Trump makes unannounced trip with daughter Ivanka to honour fallen Navy Seal

President Donald Trump, accompanied by his daughter Ivanka, waves as they walk to board Marine One on the South Lawn of the White House in Washington, Wednesday, Feb. 1, 2017. (AP Photo/Evan Vucci)
President Donald Trump, accompanied by his daughter Ivanka, waves as they walk to board Marine One on the South Lawn of the White House in Washington, Wednesday, Feb. 1, 2017. (AP Photo/Evan Vucci)
Independent.ie Newsdesk

Independent.ie Newsdesk

US President Donald Trump made an unannounced trip on Wednesday to honour the returning remains of a US Navy Seal killed in a weekend raid in Yemen.

Chief Special Warfare Operator William "Ryan" Owens (36) from Peoria, Illinois, was the first known US combat casualty since Mr Trump took office less than two weeks ago.

An eight-year-old American girl was among 30 others killed in the operation on an al Qaida compound, and three other US service members were wounded.

Mr Trump's trip to Delaware's Dover Air Base was shrouded in secrecy.

The president and his daughter, Ivanka, departed the White House in the presidential helicopter with their destination unannounced.

A small group of journalists travelled with him on the condition that the visit was not reported until his arrival.

Marine One landed at Dover shortly before a C-17 believed to be carrying Owens' remains touched down.

The president was expected to meet Owens' family, who requested that the visit and the dignified transfer of the Navy Seal's remains be private.

Former president Barack Obama lifted a ban on media coverage of the dignified transfers, though families may still request privacy.
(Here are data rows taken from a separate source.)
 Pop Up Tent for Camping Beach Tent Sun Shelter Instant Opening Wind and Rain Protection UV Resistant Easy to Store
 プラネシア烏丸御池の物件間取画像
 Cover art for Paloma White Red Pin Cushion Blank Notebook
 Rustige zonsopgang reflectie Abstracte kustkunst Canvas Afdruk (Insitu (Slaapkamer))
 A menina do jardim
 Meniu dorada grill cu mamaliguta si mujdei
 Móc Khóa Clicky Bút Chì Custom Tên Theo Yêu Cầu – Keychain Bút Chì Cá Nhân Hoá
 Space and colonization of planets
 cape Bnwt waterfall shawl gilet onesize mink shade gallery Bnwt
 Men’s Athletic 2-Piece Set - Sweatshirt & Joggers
A spokeswoman at Dover said about half of families choose to allow media coverage.

Owens joined the Navy in 1998 and was the recipient of two Bronze stars, a Joint Service Commendation and an Afghanistan Campaign Medal, among other honours.
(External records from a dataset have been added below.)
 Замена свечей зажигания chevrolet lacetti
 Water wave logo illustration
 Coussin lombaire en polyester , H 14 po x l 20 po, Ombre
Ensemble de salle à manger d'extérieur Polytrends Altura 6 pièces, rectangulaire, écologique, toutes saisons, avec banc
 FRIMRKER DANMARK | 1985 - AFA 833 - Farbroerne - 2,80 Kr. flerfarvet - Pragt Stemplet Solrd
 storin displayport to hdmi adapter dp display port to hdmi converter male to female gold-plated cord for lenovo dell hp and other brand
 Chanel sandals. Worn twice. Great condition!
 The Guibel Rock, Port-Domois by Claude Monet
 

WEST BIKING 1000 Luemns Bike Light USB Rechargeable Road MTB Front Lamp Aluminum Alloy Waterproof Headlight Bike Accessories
His death underscores the human costs of the military campaigns Mr Trump now oversees.

Far fewer troops are serving in combat now than in the wars Mr Trump's predecessors led in Afghanistan and Iraq, but thousands of Americans remain in hotspots around the world.

In Afghanistan, where America's longest war continues, about 8,400 US troops are training and advising local forces.
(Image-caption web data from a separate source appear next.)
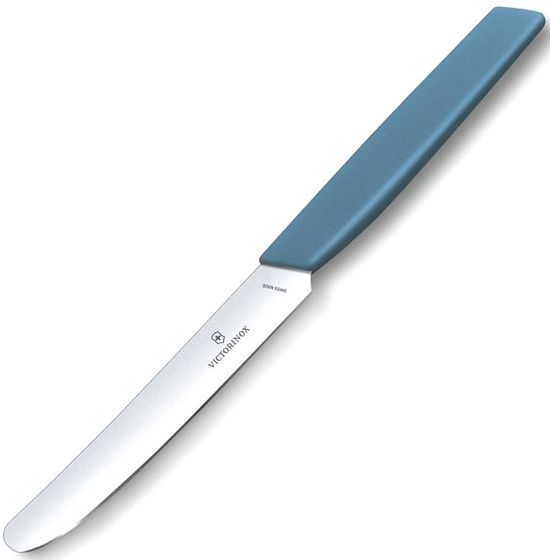 Нож столовый Victorinox Swiss Modern 11см синий (6.9006.112)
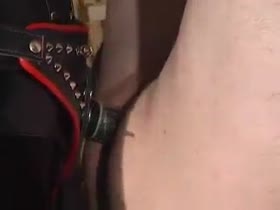 Hooded Male Slave Gets Fucked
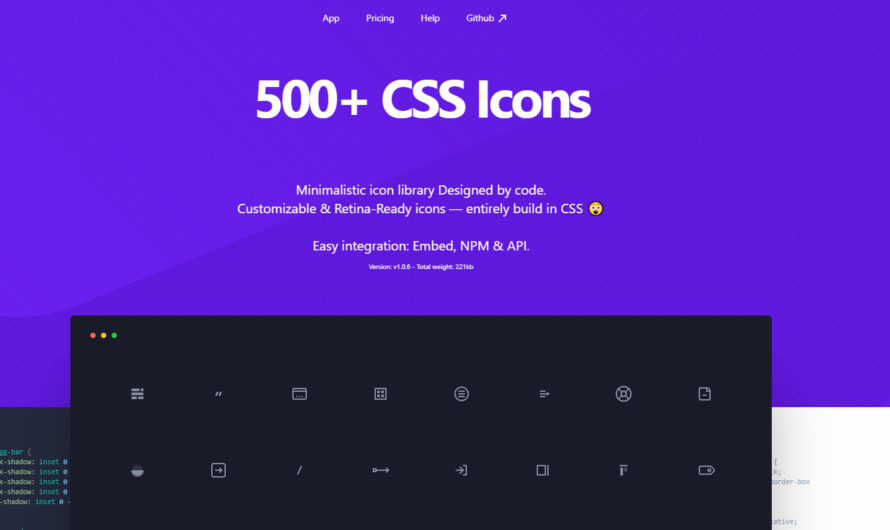Une bibliothèque de plus de 500 icônes en CSS !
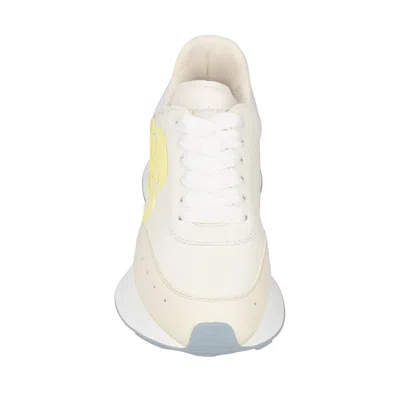 Alexander Mcqueen Sprint Runner Low-top Sneakers In White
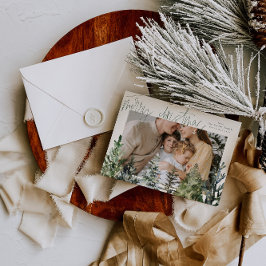 Festiva Tarjeta de Navidades modernos y sencillos para fot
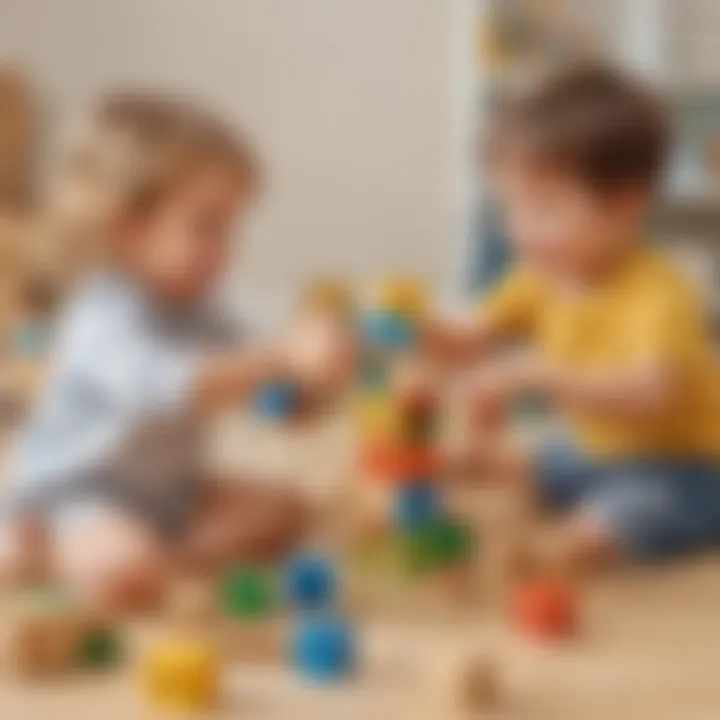 Kids collaborating in a playful learning environment with blocks and educational toys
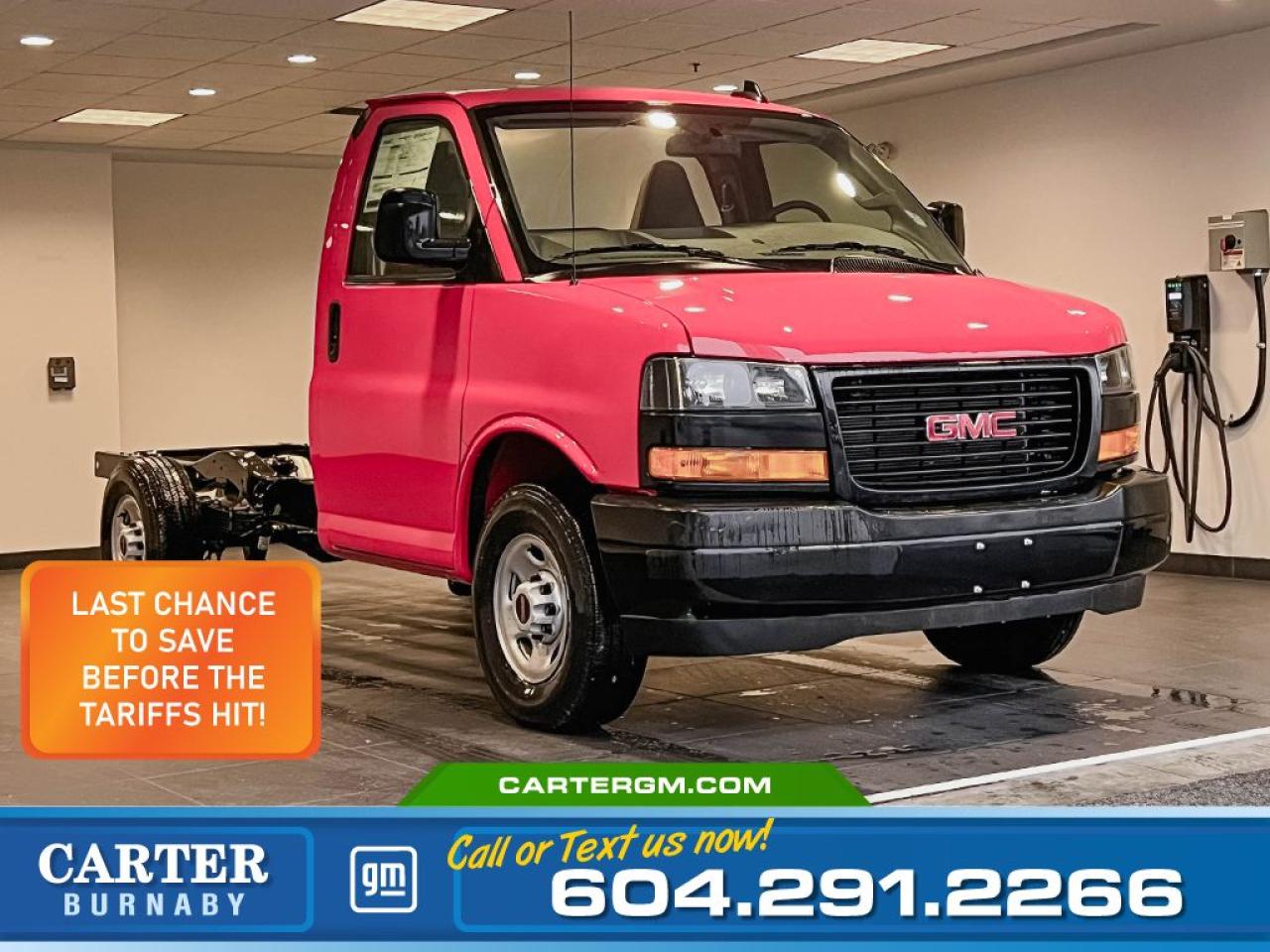 New 2024 GMC Savana CUTAWAY VAN | Steel Wheels/Air Con/Pwr Windows for sale in Burnaby, BC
More than 5,100 troops in Iraq and about 500 in Syria are involved in the campaign against Islamic State.

The US also engages in counter-terrorism operations, mainly drone strikes, in Yemen, where al Qaida in the Arabian Peninsula has exploited the chaos of the country's civil war.

As a candidate, Mr Trump said he would be willing to "take out" the families of terrorists in order to root out extremism. On Tuesday, White House spokesman Sean Spicer said no Americans "will ever be targeted" in raids against terror suspects.

The president's trip to Dover comes as he begins weighing whether to reshape US military activities around the world.

As a candidate, he vowed to be tougher on Islamic State and at one point said he would be willing to send up to 30,000 US troops to fight the extremist group in Iraq and Syria.

Last week, Mr Trump gave the Pentagon and other agencies 30 days to submit a plan for defeating Islamic State.